Jul 7,2021 / News / Legal Brief

by Ernest Mazansky, Head of Tax Practice, Werksmans Attorneys

As has been fairly widely reported with a great deal of fanfare on the international television news stations and also in the financial pages, earlier this month the G7 finance ministers came to, what has been referred to variously as an historic or a seismic agreement on global tax reform.

This agreement is pursuant to the OECD’s ongoing initiative towards reforming the worldwide tax system and reducing tax avoidance and evasion.  There have been a number of developments over the past few years, including the programme relating to BEPS (base erosion and profit shifting) and the various initiatives that accompany this, and these two decisions relate to, what the OECD has called, Pillars One and Two.

Pillar One

This initiative is aimed primarily at the very large tech companies operating in the digital economy.  As we all know, it is relatively easy to be located in, and provide one’s services and products, from a low tax jurisdiction, to customers located in high tax jurisdictions, without having any sort of discernible taxable presence in the latter, and therefore not paying tax in those countries.

In latter years this has caused a considerable amount of disgruntlement, including among the advanced economies of the world, such as in western Europe, and some of them have gone so far as to introduce unilateral measures to extract some of the taxes in these circumstances, such as the digital services tax in the UK.

The agreement now reached should, in principle at any rate, eliminate the need for such unilateral action, and its focus is to ensure that these companies do not merely pay tax where they are resident and have their head office, but also pay tax in the countries where they operate and from whose residents and citizens they derive their profits.

The proposed rules will tax the following form:

  • They will apply to global groups with a profit margin of at least 10%.
  • Then, 20% of any profit above that 10% margin will be reallocated to the countries in which that company operates, and be subject to tax in those countries.

Pillar Two

Under this proposal every country in the world will have to have a corporation tax of at least 15%.

This will clearly not go down well with a number of offshore jurisdictions where the tax rate is zero, including jurisdictions such as in the Channel Islands, Isle of Man, Liechtenstein, Cayman Islands, Seychelles, and many others.

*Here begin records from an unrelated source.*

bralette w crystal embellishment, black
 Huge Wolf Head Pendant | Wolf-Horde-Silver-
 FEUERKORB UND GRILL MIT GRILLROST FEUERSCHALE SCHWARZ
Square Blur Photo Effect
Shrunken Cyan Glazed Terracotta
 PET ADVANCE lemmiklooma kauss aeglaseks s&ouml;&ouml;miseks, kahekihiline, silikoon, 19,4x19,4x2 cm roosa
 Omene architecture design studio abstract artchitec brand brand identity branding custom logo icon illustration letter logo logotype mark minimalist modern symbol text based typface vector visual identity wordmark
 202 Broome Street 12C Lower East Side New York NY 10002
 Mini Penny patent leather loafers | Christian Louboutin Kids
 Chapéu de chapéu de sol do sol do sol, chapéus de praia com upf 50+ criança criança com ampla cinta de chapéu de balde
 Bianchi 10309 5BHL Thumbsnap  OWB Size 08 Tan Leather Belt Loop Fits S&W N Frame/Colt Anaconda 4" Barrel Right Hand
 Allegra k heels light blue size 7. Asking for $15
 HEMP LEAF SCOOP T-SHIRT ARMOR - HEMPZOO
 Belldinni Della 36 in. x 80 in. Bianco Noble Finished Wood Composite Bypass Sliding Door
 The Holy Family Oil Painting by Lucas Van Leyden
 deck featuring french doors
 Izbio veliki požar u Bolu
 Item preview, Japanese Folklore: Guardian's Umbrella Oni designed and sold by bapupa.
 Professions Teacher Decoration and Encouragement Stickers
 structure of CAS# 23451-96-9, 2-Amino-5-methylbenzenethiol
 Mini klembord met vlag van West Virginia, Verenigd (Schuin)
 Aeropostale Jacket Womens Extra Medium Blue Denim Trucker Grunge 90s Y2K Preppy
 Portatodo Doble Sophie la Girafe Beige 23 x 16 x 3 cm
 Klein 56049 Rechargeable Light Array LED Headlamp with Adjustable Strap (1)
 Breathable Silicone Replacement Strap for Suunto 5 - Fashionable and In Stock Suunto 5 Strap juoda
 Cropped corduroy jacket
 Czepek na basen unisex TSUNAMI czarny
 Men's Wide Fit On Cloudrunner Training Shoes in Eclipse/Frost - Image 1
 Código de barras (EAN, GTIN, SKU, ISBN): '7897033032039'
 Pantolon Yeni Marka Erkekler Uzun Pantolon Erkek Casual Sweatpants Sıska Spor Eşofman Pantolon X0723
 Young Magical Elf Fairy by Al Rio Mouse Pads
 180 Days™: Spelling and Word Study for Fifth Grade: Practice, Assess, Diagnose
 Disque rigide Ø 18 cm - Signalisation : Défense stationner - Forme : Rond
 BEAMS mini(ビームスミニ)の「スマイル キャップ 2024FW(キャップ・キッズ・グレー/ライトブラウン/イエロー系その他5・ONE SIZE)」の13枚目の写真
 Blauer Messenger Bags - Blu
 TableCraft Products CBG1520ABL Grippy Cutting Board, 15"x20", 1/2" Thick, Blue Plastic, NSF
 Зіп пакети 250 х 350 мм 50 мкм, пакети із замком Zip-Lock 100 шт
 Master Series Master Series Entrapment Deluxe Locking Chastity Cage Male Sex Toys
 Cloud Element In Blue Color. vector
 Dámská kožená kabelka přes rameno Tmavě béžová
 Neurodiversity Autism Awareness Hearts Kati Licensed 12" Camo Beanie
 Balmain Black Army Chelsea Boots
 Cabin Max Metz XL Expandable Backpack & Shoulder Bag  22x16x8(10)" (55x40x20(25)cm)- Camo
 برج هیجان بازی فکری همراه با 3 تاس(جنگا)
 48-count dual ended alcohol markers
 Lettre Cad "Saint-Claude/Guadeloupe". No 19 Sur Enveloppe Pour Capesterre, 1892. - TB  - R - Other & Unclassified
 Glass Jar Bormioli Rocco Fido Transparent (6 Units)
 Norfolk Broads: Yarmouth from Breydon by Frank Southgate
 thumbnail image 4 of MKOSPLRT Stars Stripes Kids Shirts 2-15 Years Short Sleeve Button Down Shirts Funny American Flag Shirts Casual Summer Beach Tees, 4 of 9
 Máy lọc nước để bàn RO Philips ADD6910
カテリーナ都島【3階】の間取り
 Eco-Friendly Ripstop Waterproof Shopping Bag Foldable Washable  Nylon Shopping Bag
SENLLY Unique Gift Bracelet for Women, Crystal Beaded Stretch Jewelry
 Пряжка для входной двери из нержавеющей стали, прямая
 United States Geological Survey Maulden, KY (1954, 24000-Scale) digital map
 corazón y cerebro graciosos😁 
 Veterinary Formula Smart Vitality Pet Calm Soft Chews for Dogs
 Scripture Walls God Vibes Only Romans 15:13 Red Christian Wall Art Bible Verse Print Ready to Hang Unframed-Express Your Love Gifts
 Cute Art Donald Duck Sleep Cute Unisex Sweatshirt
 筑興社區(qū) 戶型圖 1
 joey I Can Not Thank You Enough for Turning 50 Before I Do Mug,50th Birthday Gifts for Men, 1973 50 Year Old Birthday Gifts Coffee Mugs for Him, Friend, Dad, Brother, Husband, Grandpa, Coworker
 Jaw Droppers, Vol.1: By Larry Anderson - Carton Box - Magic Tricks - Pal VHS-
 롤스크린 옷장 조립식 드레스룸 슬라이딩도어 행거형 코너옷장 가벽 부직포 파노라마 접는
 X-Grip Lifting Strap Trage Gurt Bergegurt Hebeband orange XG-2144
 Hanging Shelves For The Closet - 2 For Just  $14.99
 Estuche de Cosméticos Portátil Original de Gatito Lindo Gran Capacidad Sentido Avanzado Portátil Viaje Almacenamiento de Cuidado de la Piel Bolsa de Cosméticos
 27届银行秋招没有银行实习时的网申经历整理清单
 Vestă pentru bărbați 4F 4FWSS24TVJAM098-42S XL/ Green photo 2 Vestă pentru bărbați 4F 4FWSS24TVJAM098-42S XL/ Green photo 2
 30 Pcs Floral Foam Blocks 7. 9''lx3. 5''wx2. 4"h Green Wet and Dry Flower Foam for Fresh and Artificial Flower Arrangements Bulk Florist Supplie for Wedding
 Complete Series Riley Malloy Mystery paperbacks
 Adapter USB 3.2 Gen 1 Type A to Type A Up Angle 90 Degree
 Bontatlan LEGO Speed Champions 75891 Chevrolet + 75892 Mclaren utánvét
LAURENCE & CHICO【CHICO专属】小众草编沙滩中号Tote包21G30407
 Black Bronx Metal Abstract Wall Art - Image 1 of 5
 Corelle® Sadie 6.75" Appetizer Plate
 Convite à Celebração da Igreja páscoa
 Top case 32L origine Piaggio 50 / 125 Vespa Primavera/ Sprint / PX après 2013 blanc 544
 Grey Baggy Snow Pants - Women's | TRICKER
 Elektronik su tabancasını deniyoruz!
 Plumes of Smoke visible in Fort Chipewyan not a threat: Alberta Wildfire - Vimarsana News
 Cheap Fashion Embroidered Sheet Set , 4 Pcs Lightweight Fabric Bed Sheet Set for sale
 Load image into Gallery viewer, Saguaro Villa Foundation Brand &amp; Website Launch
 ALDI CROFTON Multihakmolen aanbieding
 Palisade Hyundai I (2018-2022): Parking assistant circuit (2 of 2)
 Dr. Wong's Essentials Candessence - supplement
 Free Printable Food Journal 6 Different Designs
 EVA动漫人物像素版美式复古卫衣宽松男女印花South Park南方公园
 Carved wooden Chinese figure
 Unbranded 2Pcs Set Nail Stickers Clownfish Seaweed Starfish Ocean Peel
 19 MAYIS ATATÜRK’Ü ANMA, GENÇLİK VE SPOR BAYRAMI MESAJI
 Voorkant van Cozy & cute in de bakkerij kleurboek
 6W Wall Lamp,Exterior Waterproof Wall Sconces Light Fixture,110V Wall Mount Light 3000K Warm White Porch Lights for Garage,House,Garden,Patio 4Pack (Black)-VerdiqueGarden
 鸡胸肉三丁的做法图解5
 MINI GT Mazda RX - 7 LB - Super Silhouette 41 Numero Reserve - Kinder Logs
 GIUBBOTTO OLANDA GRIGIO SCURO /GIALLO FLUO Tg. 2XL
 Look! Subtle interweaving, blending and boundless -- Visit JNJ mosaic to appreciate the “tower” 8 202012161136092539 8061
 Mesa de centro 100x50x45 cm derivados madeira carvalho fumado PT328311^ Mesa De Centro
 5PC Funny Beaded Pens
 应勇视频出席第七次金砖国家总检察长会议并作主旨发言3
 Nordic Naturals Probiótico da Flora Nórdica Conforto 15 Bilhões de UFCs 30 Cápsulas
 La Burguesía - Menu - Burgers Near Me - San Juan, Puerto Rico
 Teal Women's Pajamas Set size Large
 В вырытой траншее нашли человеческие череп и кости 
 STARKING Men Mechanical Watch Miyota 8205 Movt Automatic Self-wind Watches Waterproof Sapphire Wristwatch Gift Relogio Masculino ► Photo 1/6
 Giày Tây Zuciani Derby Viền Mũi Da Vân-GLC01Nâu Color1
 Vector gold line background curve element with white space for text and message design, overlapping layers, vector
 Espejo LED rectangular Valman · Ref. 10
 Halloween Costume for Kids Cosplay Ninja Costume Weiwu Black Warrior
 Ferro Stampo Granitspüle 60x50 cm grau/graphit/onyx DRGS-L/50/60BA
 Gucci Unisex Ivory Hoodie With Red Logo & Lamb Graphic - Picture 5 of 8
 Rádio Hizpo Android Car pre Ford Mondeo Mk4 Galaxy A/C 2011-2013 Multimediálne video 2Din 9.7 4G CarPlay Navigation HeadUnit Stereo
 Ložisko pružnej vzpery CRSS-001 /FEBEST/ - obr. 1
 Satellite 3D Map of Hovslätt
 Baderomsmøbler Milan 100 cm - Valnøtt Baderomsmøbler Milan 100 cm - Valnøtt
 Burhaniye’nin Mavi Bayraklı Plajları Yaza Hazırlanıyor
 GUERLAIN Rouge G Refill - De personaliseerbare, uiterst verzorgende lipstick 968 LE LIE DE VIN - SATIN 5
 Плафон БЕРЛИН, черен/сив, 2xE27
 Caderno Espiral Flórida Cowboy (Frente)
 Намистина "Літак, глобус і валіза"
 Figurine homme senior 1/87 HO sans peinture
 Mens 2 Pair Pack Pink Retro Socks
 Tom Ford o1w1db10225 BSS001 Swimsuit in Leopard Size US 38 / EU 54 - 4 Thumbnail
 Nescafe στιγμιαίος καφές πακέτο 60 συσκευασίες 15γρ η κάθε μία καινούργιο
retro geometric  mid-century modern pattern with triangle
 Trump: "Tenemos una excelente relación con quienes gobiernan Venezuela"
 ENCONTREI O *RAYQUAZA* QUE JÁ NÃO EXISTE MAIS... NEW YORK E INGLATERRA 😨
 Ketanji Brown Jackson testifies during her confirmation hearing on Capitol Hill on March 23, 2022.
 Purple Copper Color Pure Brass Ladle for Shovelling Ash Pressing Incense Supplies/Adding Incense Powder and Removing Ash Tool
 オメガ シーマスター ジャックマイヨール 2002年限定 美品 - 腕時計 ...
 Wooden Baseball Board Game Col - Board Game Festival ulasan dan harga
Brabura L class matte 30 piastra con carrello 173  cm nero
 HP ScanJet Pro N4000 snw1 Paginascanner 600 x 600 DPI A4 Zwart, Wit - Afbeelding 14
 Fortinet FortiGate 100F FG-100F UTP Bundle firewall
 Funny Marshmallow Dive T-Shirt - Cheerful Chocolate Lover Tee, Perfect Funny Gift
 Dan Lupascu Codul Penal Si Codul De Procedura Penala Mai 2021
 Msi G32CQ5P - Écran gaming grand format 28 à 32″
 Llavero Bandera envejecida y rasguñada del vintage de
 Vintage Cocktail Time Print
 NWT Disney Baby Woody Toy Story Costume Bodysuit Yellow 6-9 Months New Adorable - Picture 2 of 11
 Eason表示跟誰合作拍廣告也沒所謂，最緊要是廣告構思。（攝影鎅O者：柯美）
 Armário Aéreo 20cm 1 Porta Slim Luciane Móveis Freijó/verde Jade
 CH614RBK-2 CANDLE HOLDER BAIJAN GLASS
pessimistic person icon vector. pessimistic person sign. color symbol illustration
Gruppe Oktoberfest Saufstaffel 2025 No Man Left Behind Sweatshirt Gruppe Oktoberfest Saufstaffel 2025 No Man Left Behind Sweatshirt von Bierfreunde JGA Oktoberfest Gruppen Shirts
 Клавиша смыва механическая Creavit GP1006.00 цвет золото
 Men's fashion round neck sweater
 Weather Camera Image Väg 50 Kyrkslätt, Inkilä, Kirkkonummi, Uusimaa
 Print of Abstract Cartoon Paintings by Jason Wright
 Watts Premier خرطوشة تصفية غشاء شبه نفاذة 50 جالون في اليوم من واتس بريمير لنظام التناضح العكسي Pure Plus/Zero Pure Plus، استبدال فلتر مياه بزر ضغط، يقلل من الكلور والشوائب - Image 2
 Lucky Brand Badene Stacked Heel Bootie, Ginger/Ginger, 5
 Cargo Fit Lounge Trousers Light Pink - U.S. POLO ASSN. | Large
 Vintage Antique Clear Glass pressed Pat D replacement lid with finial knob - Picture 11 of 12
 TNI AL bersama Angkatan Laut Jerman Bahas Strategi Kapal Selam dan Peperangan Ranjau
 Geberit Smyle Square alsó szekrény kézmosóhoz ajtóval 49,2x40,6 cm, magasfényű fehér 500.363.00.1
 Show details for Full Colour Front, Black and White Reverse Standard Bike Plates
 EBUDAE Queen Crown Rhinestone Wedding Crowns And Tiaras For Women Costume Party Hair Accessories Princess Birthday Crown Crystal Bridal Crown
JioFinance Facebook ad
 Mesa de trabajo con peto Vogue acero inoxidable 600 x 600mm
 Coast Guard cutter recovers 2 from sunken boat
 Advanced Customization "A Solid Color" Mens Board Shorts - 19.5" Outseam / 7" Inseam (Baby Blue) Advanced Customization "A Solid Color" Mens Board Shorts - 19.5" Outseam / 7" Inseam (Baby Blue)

On the other hand, having a headline rate of 15% is one thing:  having an effective tax rate of 15% is another story altogether.  And it does not take too much imagination to introduce provisions into one’s tax laws that have the effect of reducing the headline rate of 15% to an effective rate of a couple of percent.

Conclusion

One can debate the appropriateness or otherwise of Pillars One and Two having regard to the inequities in the world economy and having regard to other considerations, such as free trade and the like.  And one can debate whether these are populist moves or are seriously justified.

But whatever view one takes of the matter, it is clear that, in the case of both Pillar One and Pillar Two, this is just the beginning of a very long road.  It is one thing to express a principle in a few lines, as appears above.  It is altogether different to put in place a comprehensive set of rules, with all the checks and balances and all the measures to prevent loopholes, which can be adopted in a way that is sufficiently the same in each of the relevant countries, and which does not itself create tax competition among countries.

And then, of course, comes the challenge of ensuring that the offshore jurisdictions who introduce their minimum corporation tax of 15% do so in a way that meets a minimum standard of acceptability to the large economies of the world.

In the subtitle to this article the question was asked whether tax havens are dead.  Well, maybe their death sentence has been pronounced in relation to their current form, but all one has to do is make oneself sufficiently more attractive, fiscally speaking, compared to another country such that there will be a significant saving of taxes, and one can continue to thrive in that sphere.